Strains on the healthcare system in the UK create an acute need for finding more effective, efficient, safe, and accurate non-invasive imaging solutions for clinical decision-making, both in terms of diagnosis and prognosis, and to reduce unnecessary treatment procedures and associated costs. Medical imaging is currently undergoing a step-change facilitated through the advent of artificial intelligence (AI) techniques, in particular deep learning and statistical machine learning, the development of targeted molecular imaging probes and novel "push-button" imaging techniques. There is also the availability of low-cost imaging solutions, creating unique opportunities to improve sensitivity and specificity of treatment options leading to better patient outcome, improved clinical workflow and healthcare economics. However, a skills gap exists between these disciplines which this CDT is aiming to fill.
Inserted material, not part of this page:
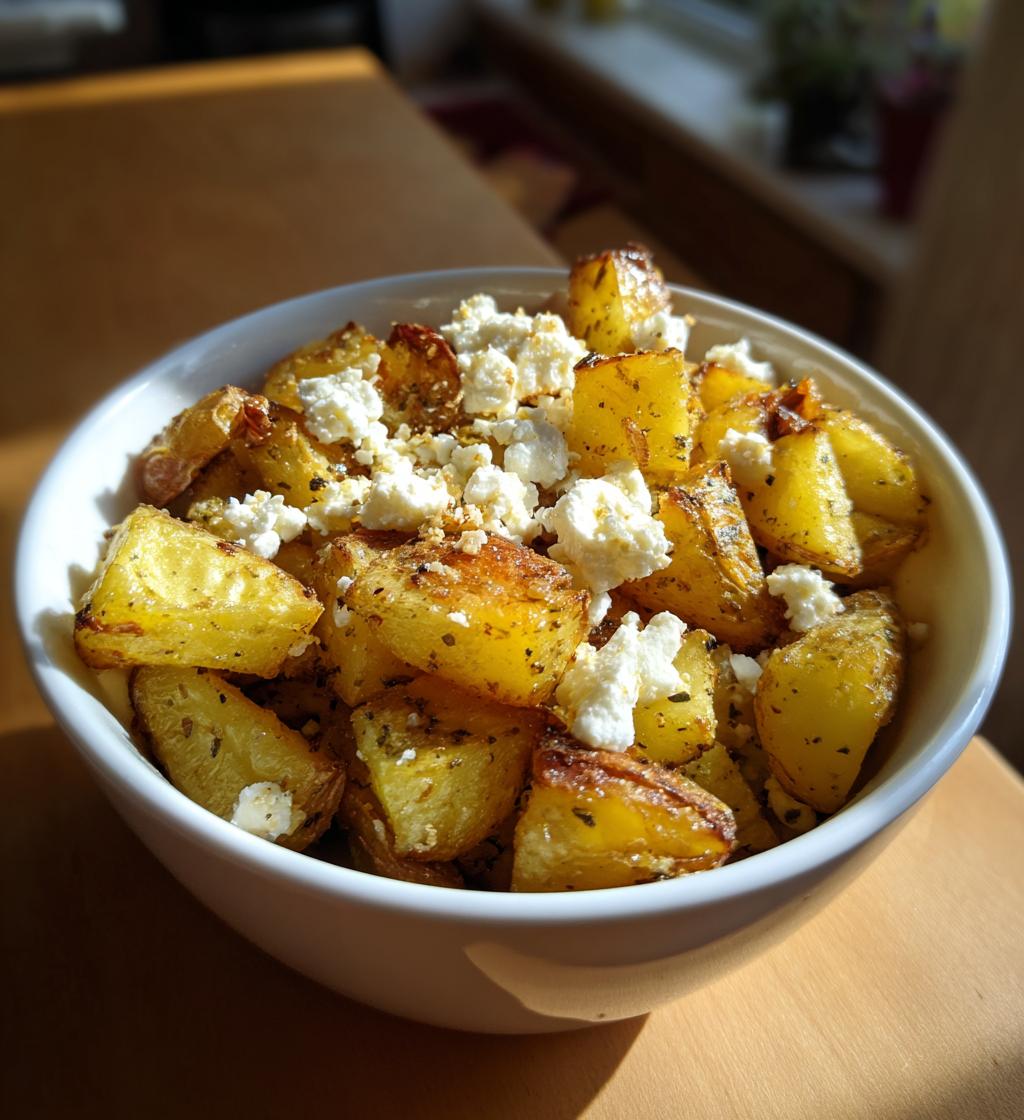 geroestete bratkartoffeln mit fetakaese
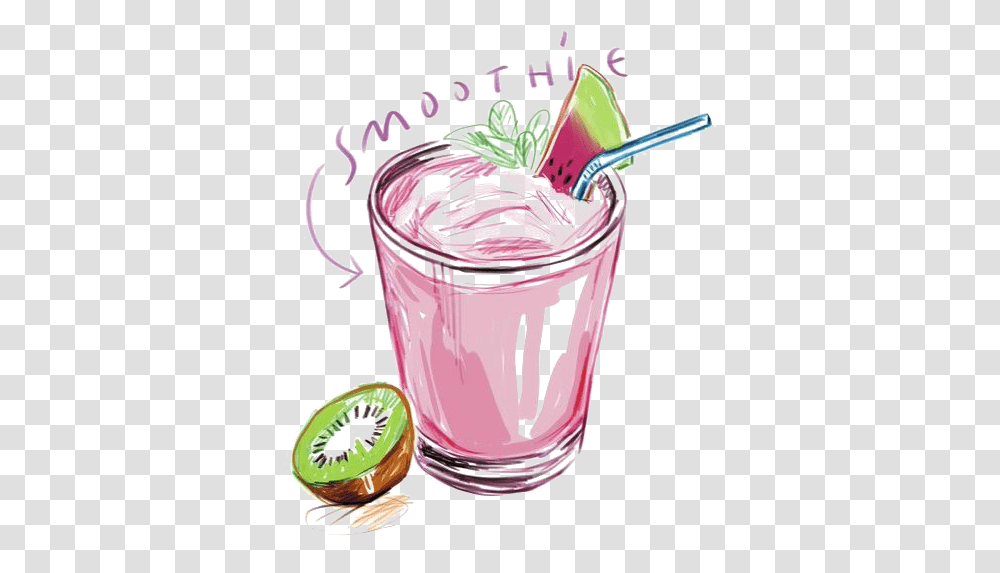 Smoothie Juice Milkshake Cocktail Smoothies Watercolor, Beverage, Drink Transparent Png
Consistent with our vision for the CDT in Smart Medical Imaging to train the next generation of medical imaging scientists, we will engage with the key beneficiaries of the CDT: (1) PhD students & their supervisors; (2) patient groups & their carers; (3) clinicians & healthcare providers; (4) healthcare industries; and (5) the general public. We have identified the following areas of impact resulting from the operation of the CDT.

- Academic Impact: The proposed multidisciplinary training and skills development are designed to lead to an appreciation of clinical translation of technology and generating pathways to impact in the healthcare system. Impact will be measured in terms of our students' generation of knowledge, such as their research outputs, conference presentations, awards, software, patents, as well as successful career destinations to a wide range of sectors; as well as newly stimulated academic collaborations, and the positive effect these will have on their supervisors, their career progression and added value to their research group, and the universities as a whole in attracting new academic talent at all career levels.
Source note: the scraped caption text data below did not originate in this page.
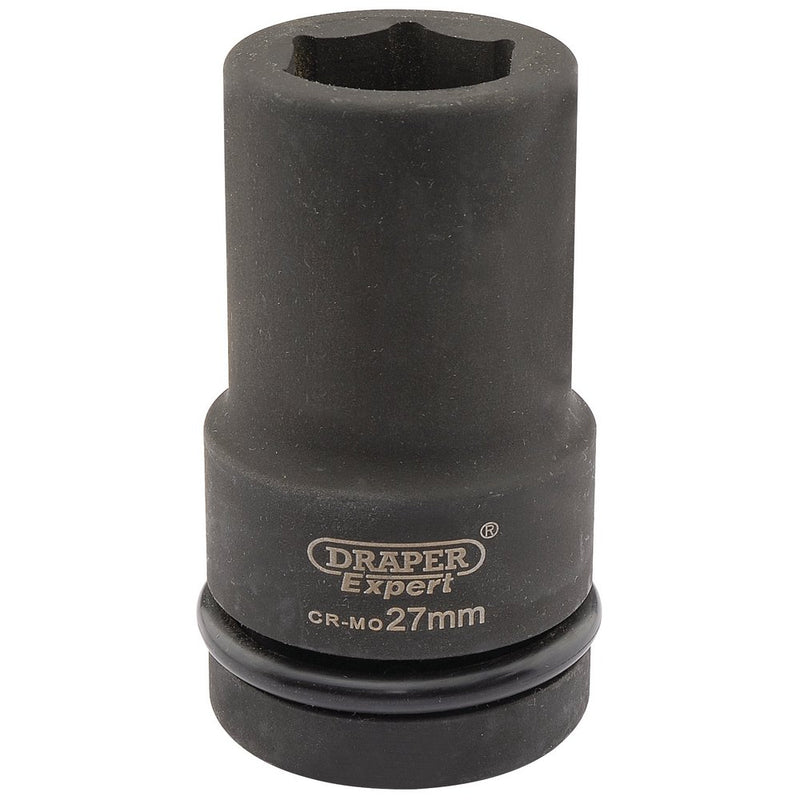 Expert HI-TORQ 6 Point Deep Impact Socket, 1" Sq Dr, 27mm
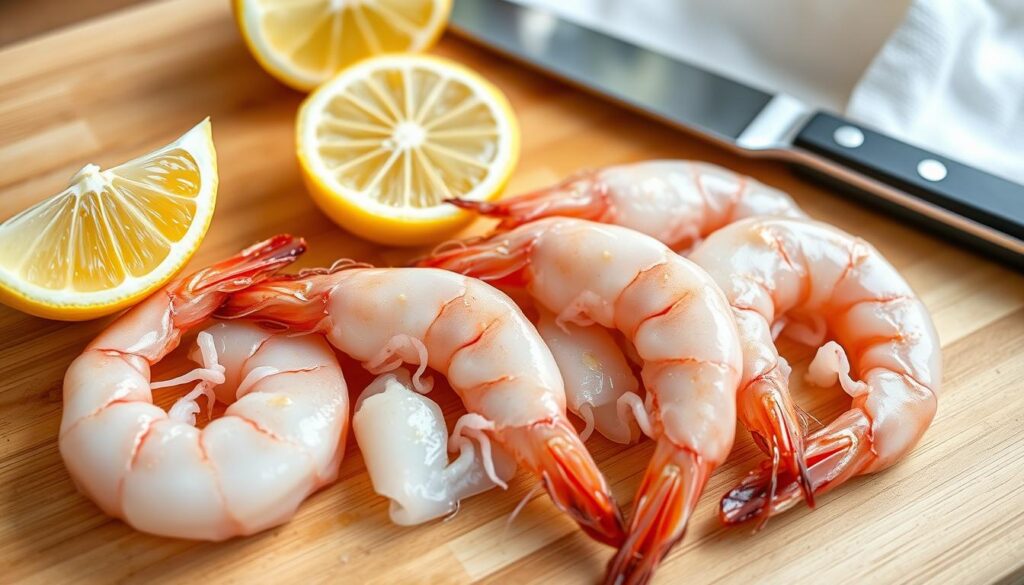 Fresh Shrimp Preparation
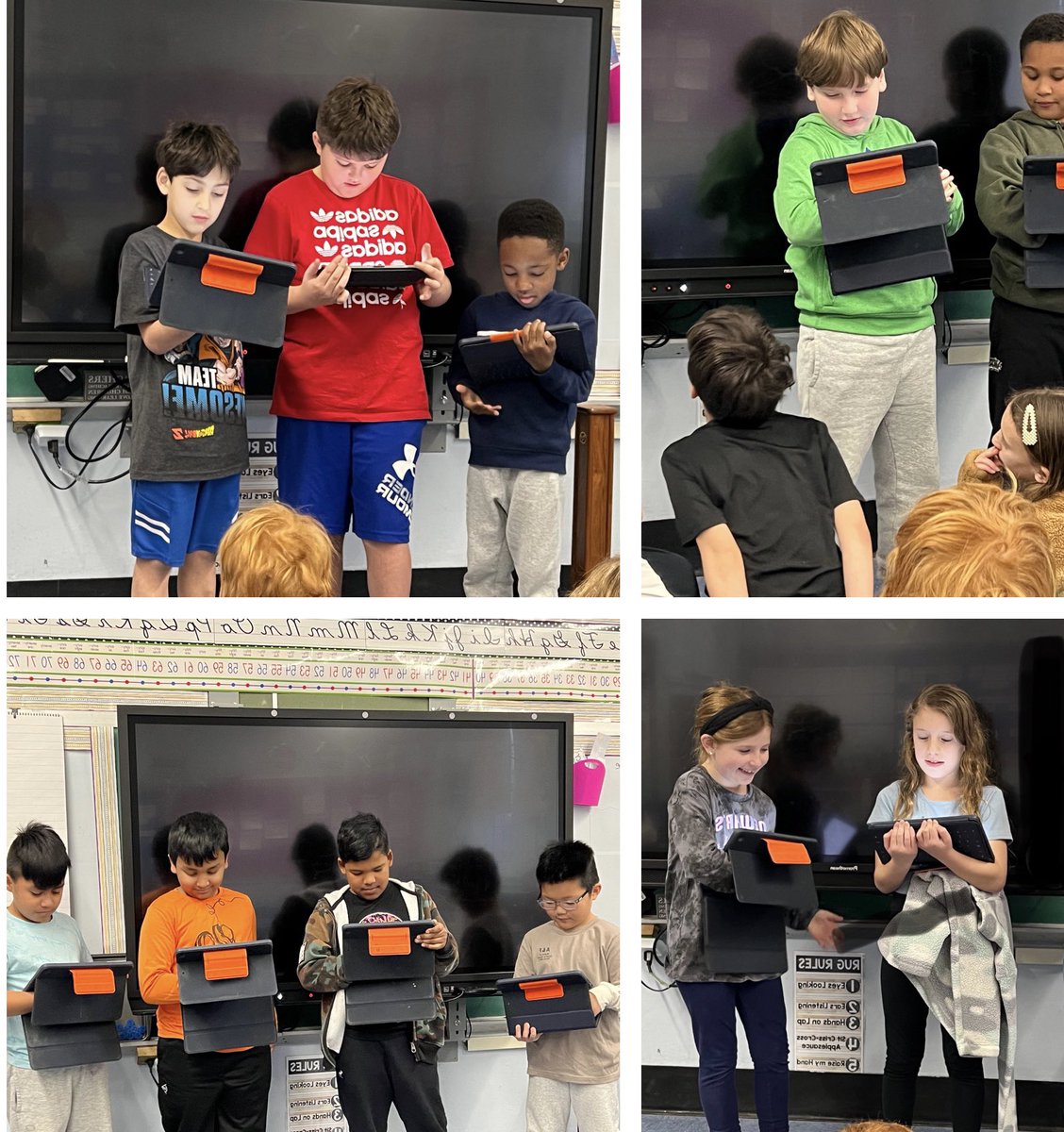 mrsdemieri's tweet photo. The students did an amazing job sharing their plays that they created! What a fun writing piece! I loved their creativity and humor! https://t.co/RHFxfRNjln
- Economic Impact: Our students will have high employability in a wide range of sectors thanks to their broad interdisciplinary training, transferable skills sets and exposure to industry, international labs, and the hospital environment. Healthcare providers (e.g. the NHS) will gain access to new technologies that are more precise and cost-efficient, reducing patient treatment and monitoring costs. Relevant healthcare industries (from major companies to SMEs) will benefit and ultimately profit from collaborative research with high emphasis on clinical translation and validation, and from a unique cohort of newly skilled and multidisciplinary researchers who value and understand the role of industry in developing and applying novel imaging technologies to the entire patient pathway.
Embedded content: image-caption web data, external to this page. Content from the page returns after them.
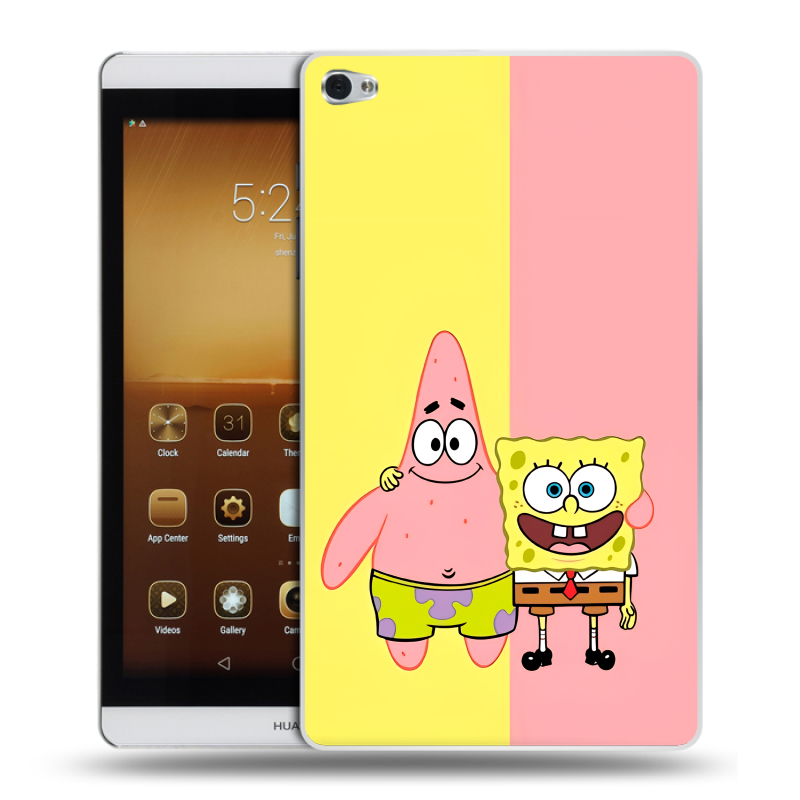 Силиконовый чехол на Huawei MediaPad M2 с принтом Спанч боб Спанчбоб Силиконовый чехол на Huawei MediaPad M2 с принтом Спанч боб Спанчбоб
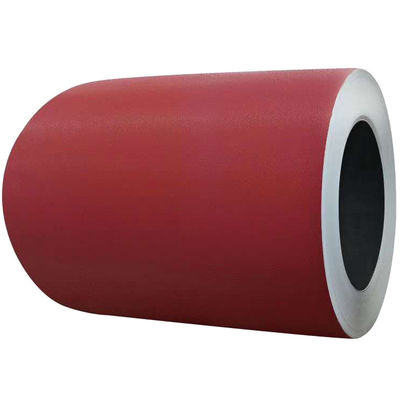 Coil di alluminio rivestito di colore rosso Fogli/piastre/pannelli di alluminio pre-tinti per pareti a tenda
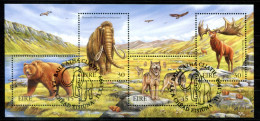 IRLAND Block 33, Bl.33 Canc. - Mammut, Bär, Wolf, Mammoth, Bear, Ours, Loup, Mammouth - IRELAND / IRLANDE - Blokken & Velletjes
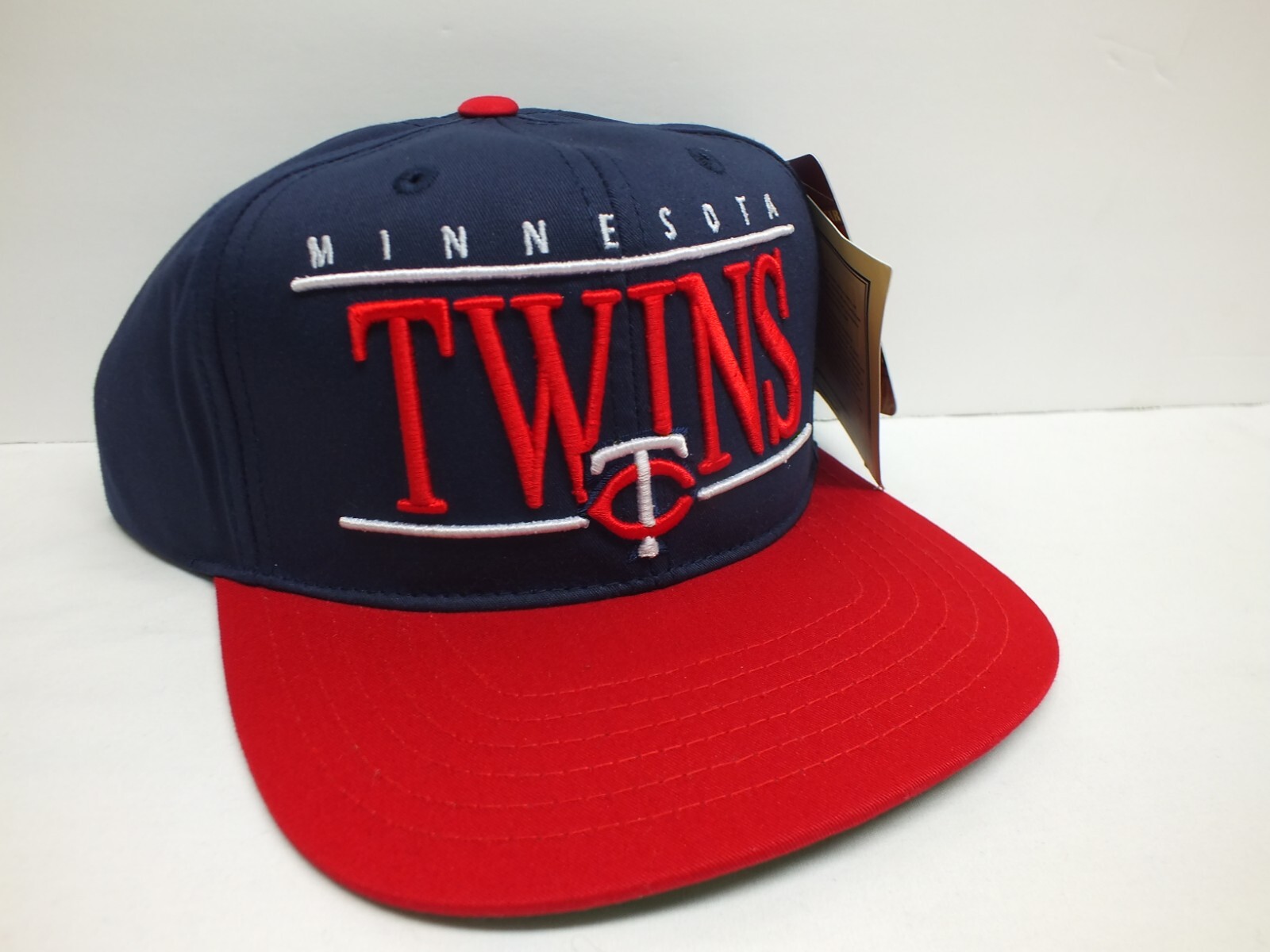 Vintage Minnesota Twins American Needle SnapBack Cap Flat Brim Hat MLB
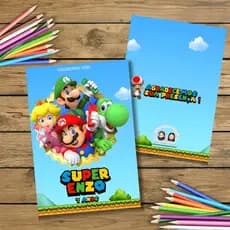 Lembrancinha Super Mario Bros Festa Infantil | Livrinho para Colorir Personalizado/ festa infantil/ aniversário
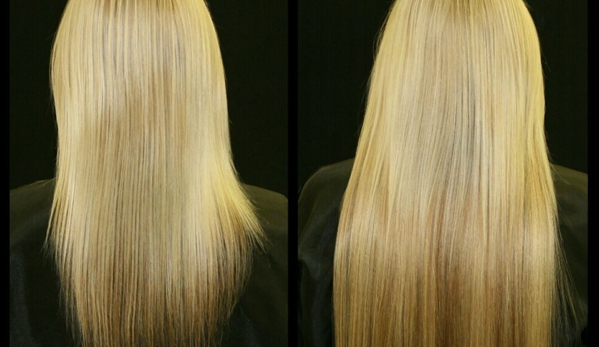 Emily Wyant Hair Extension Specialist - San Carlos, CA. Gorgeous Before and After Hair Extensions long, thick and beautiful!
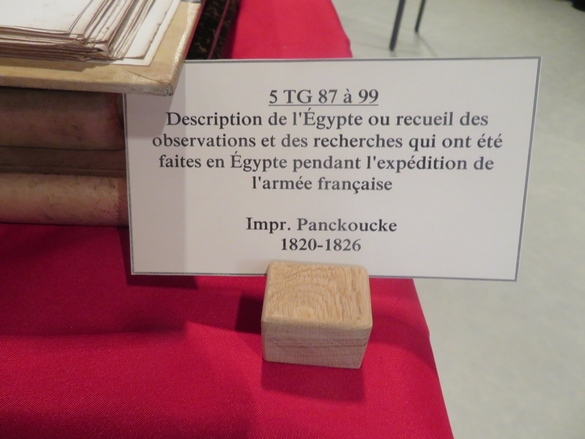 La médiathèque Victorine de Chastenay a présenté une belle exposition sur des documents appartenant au Maréchal Marmont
- Societal Impact: Patients and their professional carers will be the ultimate beneficiaries of the new imaging technologies created by our students, and by the emerging cohort of graduated medical imaging scientists and engineers who will have a strong emphasis on patient healthcare. This will have significant societal impact in terms of health and quality of life. Clinicians will benefit from new technologies aimed at enabling more robust, accurate, and precise diagnoses, treatment and follow-up monitoring. The general public will benefit from learning about new, cutting-edge medical imaging technology, and new talent will be drawn into STEM(M) professions as a consequence, further filling the current skills gap between healthcare provision and engineering.

We have developed detailed pathways to impact activities, coordinated by a dedicated Impact & Engagement Manager, that include impact training provision, translational activities with clinicians and patient groups, industry cooperation and entrepreneurship training, international collaboration and networks, and engagement with the General Public.